Preferably at the junction between two segments just underneath the cuticle parallel to the wax worm to minimize internal damage and pay attention to how the larval body starts bulging. Next, transfer the injected insects to the recovery Petri dish. And once all the insects are injected and placed in the recovery dish, place the Petri dish in the dark.
Wax worms succumb two days after injection and appear brick-red after approximately three to four days. However, brown-colored insects indicate unsuccessful bacterial infection.
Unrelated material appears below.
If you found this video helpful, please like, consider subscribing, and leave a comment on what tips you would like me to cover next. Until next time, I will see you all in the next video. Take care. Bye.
At seven days post-infection, transfer the insects with the characteristic brick-red color onto a fresh filter paper lined Petri dish, and repeat the production of symbiotic nematode infective juveniles.
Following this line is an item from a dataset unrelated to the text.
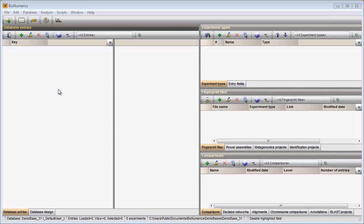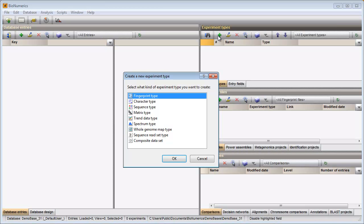In my database, no character type experiment has been defined yet. To create an experiment type, I press this button in the Experiments panel. I select character type from the list and press OK.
To begin surface sterilization, collect sufficient symbiotic, Heterorhabditis bacteriophora and candidate axenic infective juveniles by centrifugation. To make a pellet in a 1.5 milliliter centrifuge tube, add 500 microliters of 5%bleach to the pellet in each microcentrifuge tube and invert the tube. After incubating for 10 minutes, centrifuge at 17, 900 times g for one minute and remove the supernatant.
Then wash the pellet with one milliliter of sterile water. Centrifuge it, remove the supernatant and repeat this procedure four more times. The graph shows the results of assessing the status of Heterorhabditis bacteriophora nematodes that have gone through axenization.
Heterorhabditis bacteriophora from the stock culture carried symbiotic Photorhabdus luminescens cells. However, nematodes devoid of their associated Photorhabdus luminescens bacteria were axenic. To maintain the reproducibility of your experiment, always streak freshly from bacterial stock culture from a fresh colony and take out the overnight culture before it reaches stationary face.
Only use the brick-red Galleria wax worm for White's water trap and discard the rest. After this procedure, the nematodes can be used to investigate the interaction with insect immune system. This technique paves the way for researcher to explore the molecular basis of nematode parasitism and host anti-nematode immunity.